Ülkemizde Adana, Mersin ve Hatay civarında yaşayan Araplara "Fellah" deniyor. Tıpkı "nigger" kelimesi gibi hakaretvari manada kullanılabilen bu kelimenin kökenine iniyoruz.
Söylendiğinde Adanalıları Sinirlendiren "Fellah" Sözcüğünün Tarihsel Boyutu
Charles Gleyre'nin "Üç Fellah" çizimi.

osmanlı zamanında, ii. mahmut dönemindeki mısır valisi kavalalı mehmet ali paşa'nın, osmanlı üzerine yürüyerek kütahya'ya kadar osmanlı'yı bozguna uğratması sonucu ii. mahmut, konstantiniye'nin de işgale uğrayacağından korkmuştur. bu nedenle çarlık rusyasıyla hünkar iskelesi anlaşması yapmıştır kendisini kendi valisinden koruması için.

boğazların çarlık rusyası'nın kontrolüne geçeceğinden korkan ingiltere ve fransa, kavalalı mehmet ali paşa'yı osmanlılarla barışa zorlamışlardır ve 1833 yılında osmanlılar kendi valisiyle kütahya antlaşması adı verilen bir antlaşma yapmaya mecbur bırakılmıştır. bu antlaşmaya göre mısır, suriye ve girit valilikleri kavalalı mehmet ali paşa'ya, cidde ve adana valilikleri oğlu ibrahim paşa'ya bırakıldı.

her ne kadar ii. mahmut'un bunu içine sindiremeyip nizip'te tekrar kavalalı mehmet ali paşa'nın ordusuyla savaşması ve osmanlıların yenilmesine rağmen 1841 yılındaki londra konferansı'nda hegemon güçlerin bastırması sonucu kavalalı mehmet ali paşa adana ve girit valiliklerini osmanlı'ya bırakmak zorunda kaldıysa da 1833-1841 arasındaki 8 yıllık zarfta ibrahim paşa mısr'dan getirdiği işçi köylüleri adana'ya yerleştirerek şeker kamışı, pamuk, buğday yetiştirmelerini sağlamıştır. 

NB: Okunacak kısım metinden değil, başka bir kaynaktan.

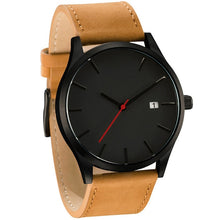Load image into Gallery viewer, Casual Mens Quartz Watch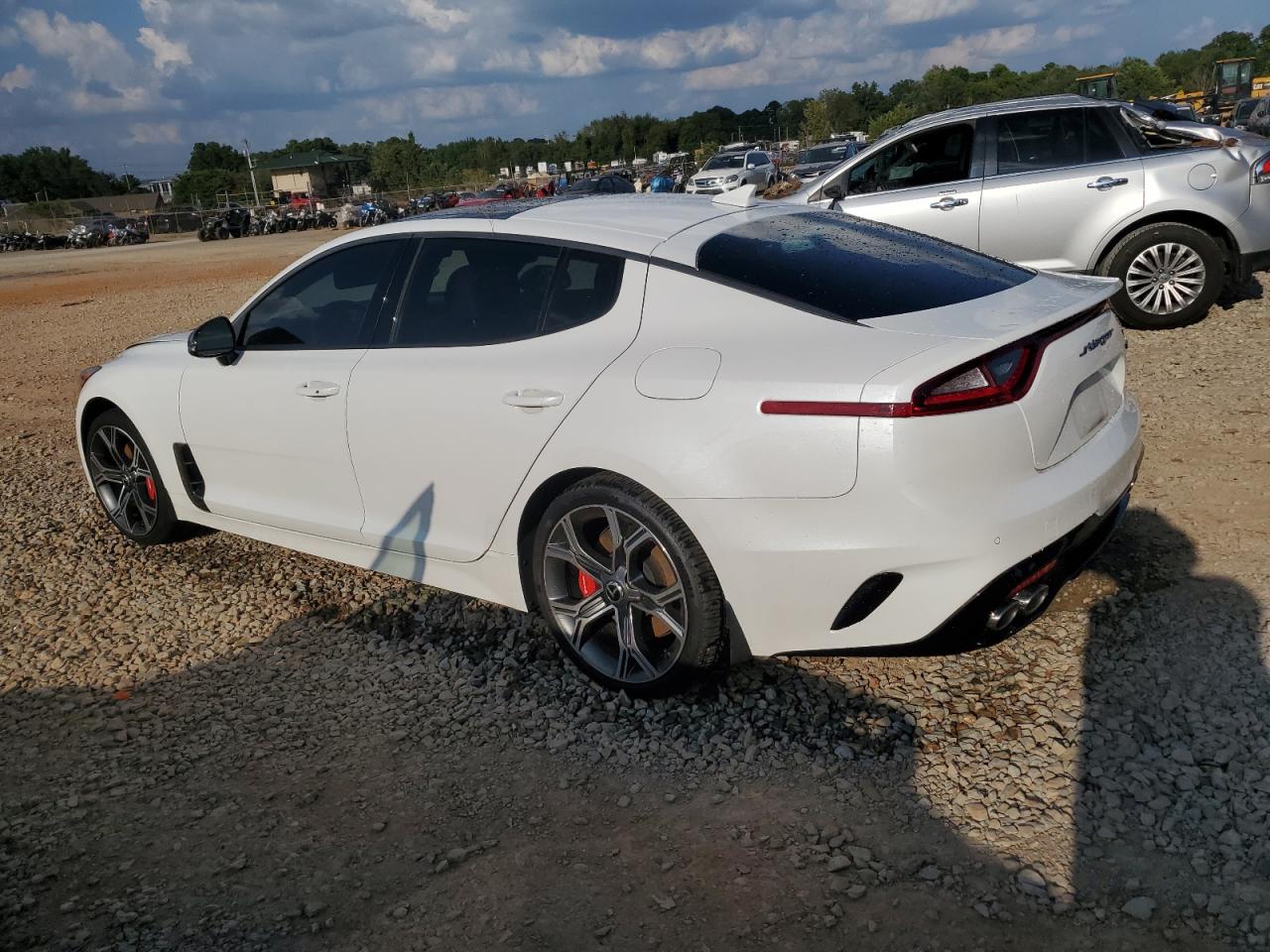 KIA STINGER GT1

mısır'ın yerel dilinde köylü anlamına gelen ve fellah denen bu insanların nüfusu kentte bir hayli artmıştır. fakat adana'nın 1841'den sonra osmanlı'nın eline tekrar geçmesiyle ii. mahmut şehrin demografisini türklerden yana değiştirmek için batı ege'deki yörük-türkmen boylarını buralara yerleştirmiştir.

benim üzüldüğüm nokta, sırf bu olaylar nedeniyle boğazlar ilk defa 1841'deki londra konferansı'yla devletler arası bir kimlik kazanmıştır. bir başka deyişle boğazlar konusundaki kararlar türklerin tekelinden ilk defa bu konferansta çıkmıştır.